Tomas Chamarro-Premuzic est professeur de psychologie des affaires à l’University College de Londres, scientifique en chef des talents du cabinet de recrutement Manpower et l’auteur d’une dizaine d’ouvrages, dont «Why do so many incompetent men become leaders? (And how to fix it)» (HBR Press, 2019). Ses travaux montrent ceci.

— Face à une demande «exagérée», il convient de ne pas réagir, de la noter et de promettre de la considérer en fonction des valeurs propres à l’organisation. La réponse sera donnée après mûre réflexion.

— Au moment de juger si elle est acceptable, ou pas, il faut tenir compte du fait que l’organisation se doit de décourager les «dérives narcissiques». La demande en question vise-t-elle à flatter l’ego du demandeur? Ou plutôt, à booster la performance au travail de ce dernier?

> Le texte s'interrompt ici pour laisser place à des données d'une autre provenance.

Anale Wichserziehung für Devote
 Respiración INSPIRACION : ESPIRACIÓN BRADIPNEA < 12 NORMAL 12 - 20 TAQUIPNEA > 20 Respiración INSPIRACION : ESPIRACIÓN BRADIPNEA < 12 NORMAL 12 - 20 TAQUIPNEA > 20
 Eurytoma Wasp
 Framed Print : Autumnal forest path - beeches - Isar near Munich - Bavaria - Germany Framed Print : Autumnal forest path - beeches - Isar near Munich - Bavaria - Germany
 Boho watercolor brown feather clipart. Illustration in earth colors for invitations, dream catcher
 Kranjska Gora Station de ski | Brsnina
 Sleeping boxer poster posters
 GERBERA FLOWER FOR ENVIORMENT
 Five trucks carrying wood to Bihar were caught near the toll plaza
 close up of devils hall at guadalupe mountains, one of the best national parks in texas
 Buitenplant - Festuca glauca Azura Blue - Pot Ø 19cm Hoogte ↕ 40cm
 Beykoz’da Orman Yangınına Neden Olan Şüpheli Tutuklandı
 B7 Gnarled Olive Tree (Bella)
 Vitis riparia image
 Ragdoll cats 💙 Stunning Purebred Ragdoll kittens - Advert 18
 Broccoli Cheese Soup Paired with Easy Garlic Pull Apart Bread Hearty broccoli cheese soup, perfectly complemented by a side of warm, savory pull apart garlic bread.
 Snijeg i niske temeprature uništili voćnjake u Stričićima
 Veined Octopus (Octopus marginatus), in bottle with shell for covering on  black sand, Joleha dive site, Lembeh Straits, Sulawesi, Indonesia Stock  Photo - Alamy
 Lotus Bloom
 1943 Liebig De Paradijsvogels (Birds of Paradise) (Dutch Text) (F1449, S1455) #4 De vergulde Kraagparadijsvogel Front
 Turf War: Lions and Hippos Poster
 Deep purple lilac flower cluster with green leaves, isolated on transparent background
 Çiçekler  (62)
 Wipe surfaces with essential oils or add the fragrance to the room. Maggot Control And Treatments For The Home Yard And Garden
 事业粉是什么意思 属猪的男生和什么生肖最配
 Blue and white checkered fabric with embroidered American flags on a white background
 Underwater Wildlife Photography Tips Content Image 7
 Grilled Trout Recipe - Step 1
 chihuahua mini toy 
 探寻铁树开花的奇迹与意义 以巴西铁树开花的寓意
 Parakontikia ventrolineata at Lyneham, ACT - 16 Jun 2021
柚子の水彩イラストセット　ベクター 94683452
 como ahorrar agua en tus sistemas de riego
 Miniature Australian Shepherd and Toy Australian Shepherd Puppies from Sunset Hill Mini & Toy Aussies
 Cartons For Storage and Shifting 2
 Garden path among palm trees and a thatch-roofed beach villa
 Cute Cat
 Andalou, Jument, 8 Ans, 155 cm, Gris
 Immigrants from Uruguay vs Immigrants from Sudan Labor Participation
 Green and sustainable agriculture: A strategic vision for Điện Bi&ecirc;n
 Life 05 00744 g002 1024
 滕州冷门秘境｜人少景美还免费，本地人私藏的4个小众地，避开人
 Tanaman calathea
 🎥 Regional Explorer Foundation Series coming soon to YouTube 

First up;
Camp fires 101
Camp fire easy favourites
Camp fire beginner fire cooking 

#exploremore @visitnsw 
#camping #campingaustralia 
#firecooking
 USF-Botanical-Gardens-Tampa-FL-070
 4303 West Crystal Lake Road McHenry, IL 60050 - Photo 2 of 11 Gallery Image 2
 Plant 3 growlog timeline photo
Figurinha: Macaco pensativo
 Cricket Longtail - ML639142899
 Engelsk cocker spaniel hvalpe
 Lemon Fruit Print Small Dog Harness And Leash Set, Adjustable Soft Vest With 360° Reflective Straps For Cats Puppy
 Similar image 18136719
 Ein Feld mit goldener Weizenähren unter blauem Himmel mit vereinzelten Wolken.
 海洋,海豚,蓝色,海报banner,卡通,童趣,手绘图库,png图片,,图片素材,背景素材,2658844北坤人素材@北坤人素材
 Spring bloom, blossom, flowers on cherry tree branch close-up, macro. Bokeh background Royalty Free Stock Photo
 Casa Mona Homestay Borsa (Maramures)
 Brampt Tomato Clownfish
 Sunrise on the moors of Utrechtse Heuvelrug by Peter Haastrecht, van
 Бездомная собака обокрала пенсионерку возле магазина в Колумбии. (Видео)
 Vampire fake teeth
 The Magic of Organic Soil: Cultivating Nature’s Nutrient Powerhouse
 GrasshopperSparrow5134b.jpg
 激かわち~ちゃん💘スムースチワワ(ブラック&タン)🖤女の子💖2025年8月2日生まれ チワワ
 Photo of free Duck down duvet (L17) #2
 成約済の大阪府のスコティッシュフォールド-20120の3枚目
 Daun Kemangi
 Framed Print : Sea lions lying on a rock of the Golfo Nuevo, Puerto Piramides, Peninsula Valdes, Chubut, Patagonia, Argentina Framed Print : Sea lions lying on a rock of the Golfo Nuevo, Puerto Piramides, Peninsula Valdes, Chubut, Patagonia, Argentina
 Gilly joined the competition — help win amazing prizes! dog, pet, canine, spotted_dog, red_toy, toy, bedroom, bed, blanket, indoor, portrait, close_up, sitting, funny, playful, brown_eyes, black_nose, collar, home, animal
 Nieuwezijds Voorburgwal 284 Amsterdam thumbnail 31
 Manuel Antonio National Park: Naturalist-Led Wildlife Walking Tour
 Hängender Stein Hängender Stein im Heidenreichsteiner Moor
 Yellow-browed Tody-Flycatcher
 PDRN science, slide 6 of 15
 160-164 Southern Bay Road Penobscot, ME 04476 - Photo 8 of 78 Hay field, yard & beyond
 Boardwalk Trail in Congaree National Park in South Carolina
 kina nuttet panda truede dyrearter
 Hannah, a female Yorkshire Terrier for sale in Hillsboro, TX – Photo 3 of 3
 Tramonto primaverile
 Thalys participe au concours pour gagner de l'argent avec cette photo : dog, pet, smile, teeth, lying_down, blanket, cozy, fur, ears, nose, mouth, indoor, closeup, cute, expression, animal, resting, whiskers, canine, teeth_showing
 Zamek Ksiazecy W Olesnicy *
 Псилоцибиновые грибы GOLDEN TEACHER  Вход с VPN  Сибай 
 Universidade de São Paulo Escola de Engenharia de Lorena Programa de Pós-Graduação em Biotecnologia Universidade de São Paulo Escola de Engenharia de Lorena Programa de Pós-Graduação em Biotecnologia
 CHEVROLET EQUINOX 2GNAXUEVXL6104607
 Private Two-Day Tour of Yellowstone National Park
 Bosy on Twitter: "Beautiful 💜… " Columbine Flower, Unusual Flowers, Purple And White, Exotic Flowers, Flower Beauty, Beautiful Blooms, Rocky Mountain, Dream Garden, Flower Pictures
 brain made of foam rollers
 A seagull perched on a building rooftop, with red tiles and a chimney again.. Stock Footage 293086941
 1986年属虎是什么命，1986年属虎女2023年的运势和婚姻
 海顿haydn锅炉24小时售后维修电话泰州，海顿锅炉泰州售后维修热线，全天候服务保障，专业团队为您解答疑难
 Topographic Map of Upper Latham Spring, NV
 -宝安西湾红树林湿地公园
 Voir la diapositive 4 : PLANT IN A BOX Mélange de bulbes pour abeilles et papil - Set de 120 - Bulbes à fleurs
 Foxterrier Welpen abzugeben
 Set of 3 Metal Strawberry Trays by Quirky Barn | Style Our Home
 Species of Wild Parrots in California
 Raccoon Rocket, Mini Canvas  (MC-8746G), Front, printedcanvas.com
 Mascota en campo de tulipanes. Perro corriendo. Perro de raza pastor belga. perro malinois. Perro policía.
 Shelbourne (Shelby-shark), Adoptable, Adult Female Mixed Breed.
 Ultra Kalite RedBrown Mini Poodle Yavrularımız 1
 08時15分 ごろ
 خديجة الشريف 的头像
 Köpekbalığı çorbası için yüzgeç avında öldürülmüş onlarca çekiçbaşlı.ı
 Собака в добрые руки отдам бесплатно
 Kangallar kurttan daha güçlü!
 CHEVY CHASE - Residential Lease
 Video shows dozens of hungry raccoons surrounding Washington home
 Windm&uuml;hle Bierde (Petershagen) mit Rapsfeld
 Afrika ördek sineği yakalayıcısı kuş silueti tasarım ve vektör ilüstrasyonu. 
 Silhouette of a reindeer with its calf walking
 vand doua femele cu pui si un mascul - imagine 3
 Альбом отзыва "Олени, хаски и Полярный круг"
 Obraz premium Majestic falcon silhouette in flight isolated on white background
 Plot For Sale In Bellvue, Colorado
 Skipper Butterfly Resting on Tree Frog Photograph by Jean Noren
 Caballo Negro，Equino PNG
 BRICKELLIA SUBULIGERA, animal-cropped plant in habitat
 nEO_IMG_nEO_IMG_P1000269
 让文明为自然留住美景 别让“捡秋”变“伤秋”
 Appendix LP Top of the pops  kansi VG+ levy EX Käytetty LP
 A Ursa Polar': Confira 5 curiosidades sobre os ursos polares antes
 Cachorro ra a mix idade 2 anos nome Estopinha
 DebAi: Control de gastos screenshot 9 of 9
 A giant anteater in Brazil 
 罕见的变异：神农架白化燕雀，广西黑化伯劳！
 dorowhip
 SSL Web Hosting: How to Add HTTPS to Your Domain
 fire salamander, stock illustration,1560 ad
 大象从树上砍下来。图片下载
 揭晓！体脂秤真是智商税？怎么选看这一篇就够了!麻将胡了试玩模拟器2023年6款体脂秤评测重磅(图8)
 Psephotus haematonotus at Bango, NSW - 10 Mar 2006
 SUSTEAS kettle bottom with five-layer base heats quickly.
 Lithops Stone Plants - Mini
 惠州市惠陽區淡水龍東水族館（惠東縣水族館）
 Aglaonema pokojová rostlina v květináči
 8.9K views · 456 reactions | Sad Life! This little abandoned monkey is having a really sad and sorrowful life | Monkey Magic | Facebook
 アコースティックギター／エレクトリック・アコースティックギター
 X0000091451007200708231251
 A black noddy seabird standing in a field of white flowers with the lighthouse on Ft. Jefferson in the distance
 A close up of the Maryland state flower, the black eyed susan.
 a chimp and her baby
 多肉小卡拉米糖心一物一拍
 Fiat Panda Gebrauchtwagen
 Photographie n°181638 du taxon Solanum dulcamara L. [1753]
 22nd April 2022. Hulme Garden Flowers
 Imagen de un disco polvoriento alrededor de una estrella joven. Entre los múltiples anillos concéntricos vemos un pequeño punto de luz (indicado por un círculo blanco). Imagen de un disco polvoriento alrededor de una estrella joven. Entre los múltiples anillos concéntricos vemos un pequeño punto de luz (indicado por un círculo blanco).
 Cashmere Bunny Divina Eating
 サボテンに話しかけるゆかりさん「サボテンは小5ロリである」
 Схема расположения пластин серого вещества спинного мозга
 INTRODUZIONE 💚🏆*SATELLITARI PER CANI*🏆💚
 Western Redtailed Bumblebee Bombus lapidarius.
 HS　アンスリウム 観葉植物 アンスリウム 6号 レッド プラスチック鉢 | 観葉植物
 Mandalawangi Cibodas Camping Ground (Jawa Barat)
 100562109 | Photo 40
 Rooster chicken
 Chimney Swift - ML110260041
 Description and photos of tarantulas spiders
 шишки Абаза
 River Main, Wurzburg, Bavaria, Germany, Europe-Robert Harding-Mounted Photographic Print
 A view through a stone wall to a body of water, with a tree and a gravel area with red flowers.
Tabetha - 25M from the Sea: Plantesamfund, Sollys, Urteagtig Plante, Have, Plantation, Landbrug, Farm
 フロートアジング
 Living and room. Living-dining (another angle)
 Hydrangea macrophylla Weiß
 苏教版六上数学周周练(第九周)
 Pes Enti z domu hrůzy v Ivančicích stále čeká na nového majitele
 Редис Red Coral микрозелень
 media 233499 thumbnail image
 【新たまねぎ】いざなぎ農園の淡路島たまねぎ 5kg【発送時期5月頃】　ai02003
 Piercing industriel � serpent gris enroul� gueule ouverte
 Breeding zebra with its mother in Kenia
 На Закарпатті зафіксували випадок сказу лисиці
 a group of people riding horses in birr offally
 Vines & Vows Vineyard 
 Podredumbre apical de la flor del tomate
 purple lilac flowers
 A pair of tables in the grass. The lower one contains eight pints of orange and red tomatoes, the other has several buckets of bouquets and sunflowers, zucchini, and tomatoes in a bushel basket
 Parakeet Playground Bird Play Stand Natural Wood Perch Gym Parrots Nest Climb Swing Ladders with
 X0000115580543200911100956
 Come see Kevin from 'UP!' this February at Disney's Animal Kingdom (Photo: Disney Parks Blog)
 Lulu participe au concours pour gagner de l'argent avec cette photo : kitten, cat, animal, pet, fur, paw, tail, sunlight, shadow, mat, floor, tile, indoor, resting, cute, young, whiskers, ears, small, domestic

— Un autre élément de réflexion dont il faut tenir compte: l’acceptation de la demande «exagérée» risquerait-elle de créer de la frustration chez un ou plusieurs employés déjà en poste?

Répondre à ces interrogations devrait permettre d’y voir plus clair, à tout le moins de mieux cerner les limites que votre organisation est prête à tutoyer. Dire «non» vous sera ainsi plus aisé. D’autant plus qu’il peut être salutaire de ne pas compter de «diva» dans ses rangs: «La loyauté des divas de l’emploi est toujours douteuse, note Tomas Chamarro-Premuzic. Le fait qu’elles attachent autant d’importance aux faveurs et autres récompenses indique qu’elles sont promptes à agir en mercenaire, à passer chez un concurrent en un clin d’œil.»

En Allemagne, l’entreprise de génie mécanique Barghorn a adopté une solution originale pour recruter des personnes talentueuses sans céder à leurs éventuels caprices au moment de l’embauche, est-il raconté dans un article du quotidien allemand Handelsblatt. 

Toute nouvelle recrue doit accepter de travailler une semaine au salaire minimum. À l’issue de celle-ci, les employés qui ont travaillé avec elle décident ensemble s’ils la gardent ou pas. Comme ça, les «divas» ont le temps de réaliser l’absurdité de leurs exigences, et par la suite, de changer d’idée. Quant aux autres, ils ont le temps de découvrir qu’ils ont affaire à une «diva», et le cas échéant, l’occasion de s’en séparer vite fait. Sans dommage pour quiconque.